By Ann Fowler, Oak Hill Gazette
Last year my sister and I adopted a senior dog from Austin Pets Alive (APA). We had lost a beloved dog six months earlier, and while I had resolved not to get another dog, my sister missed having a canine greeter at the door.
I relented, and so we found GiGi, a German Shepherd mix who was nothing like our previous dog. At nine years of age, GiGi needing rescuing three times in the span of a few weeks: first by the city—who removed her from neglectful and possibly abusive owners who left her in the backyard despite freezing cold temperatures, and noncontagious mange, which had stripped her of most of her fur—then by Austin Pets Alive, who rescued her from the city’s euthanasia list, and then by my sister and I, who wanted to give this scared, funny-looking dog a happy home.
It is clear that GiGi was not loved all her life. She did not understand basic commands (sit, stay, down), and she came to us with a variety of fears. She feared being touched. She feared other dogs. She feared rain. And she feared she would not get fed every day.

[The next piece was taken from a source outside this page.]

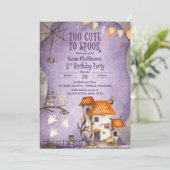 Invitation Trop mignon pour parler Halloween 3e fête d'annive (Debout devant)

Shari Elkins of The Canine Center for Training and Behavior (TCCTB) in Oak Hill evaluated her, determining that despite her discomfort around other dogs, GiGi had appropriate communication skills and would benefit from classes such as Confidence Building and Hiking. Elkins was right.
When we heard about the 3-day Canine Camp TCCTB was holding at the Lazy Hills Ranch in Ingram, my sister and I decided to let GiGi go to camp. This old dog deserved some fun, and it would give us an opportunity to learn how to train her.
GiGi seldom — in fact never — relaxed in a new environment, so we were surprised when she immediately and continually felt comfortable enough to lie down at the Ranch. Trainer Jane Del Re said the environment was peaceful and calming for dogs, so was not surprised to hear that GiGi felt relaxed at Camp.
After our first class, GiGi headed to the pond to take a quick drink. As she waded through the water, it suddenly deepened and she found herself swimming. She never panicked. Instead, she headed toward deeper water, ready to enjoy the water. Who knew we had a water dog? For the remainder of the weekend, we allowed time before and after classes for a swim.
All classes were guaranteed to be fun and therefore enjoyable for both dog and handler. Most of the classes we chose centered around basic commands (Come, Come with Distractions) and her beloved Hiking.
We did try the Lure class, in which a white plastic bag tied to a mechanism whips around a course, allowing dogs to give chase. GiGi was one of the few dogs that would not engage. We knew going in that she does not chase cats or squirrels. And now we know she does not chase white plastic bags either.
The Tricks class seemed the most challenging — for her and for me. The other dogs in the class all knew several tricks at the start. Not GiGi. It had taken her nearly a year to understand that the sounds we made at her – our words – had meaning to her. We called it her Helen Keller moment. So far, all she knew to do was sit on command.
I told trainer Jane Del Re we had hoped to teach her “down,” but that was not to be. Del Re said typically you teach a dog to lie down by holding a treat down by the front paws, then gently sweeping toward the dog. Most dogs lie down. Mine cautiously backed away.
Teaching GiGi to “shake” was not feasible during the class because she never paws our arms for a treat. (She does it on occasion when we stop petting her.) Meanwhile, the other dogs were showing off their abilities to roll over or play dead.
Finally, with Del Re’s help, I was able to use a treat to lure her around in a circle: Spin! Okay, so it was not as impressive as the others, but it was success on a novice level.
Camper Dyanne Kerr took the Tricks class with Pepper, her Border Collie/Blue Heeler mix. She said later of watching GiGi and me in class, “I watched a woman teach her 10-year-old dog to do a new trick! It was the first trick the dog had ever done. It wasn’t a complicated trick and it took nearly an hour to get it done. It required lots of patience, but you could see the pleasure it gave both dog and owner to complete the trick. Sometimes the little things are the most important breakthroughs in the relationship between dog and human.”
At the end of the Camp weekend, certificates were presented for each class. Surprisingly, GiGi was given the award for Tricks – not because she learned the best trick, but because she worked so hard for what she did learn.
Since that weekend, GiGi has started to learn the “down” command based on techniques we learned at camp. This morning she did it by verbal command only. Was the weekend worth it? You bet. And, it only goes to prove – you can teach an old dog new tricks.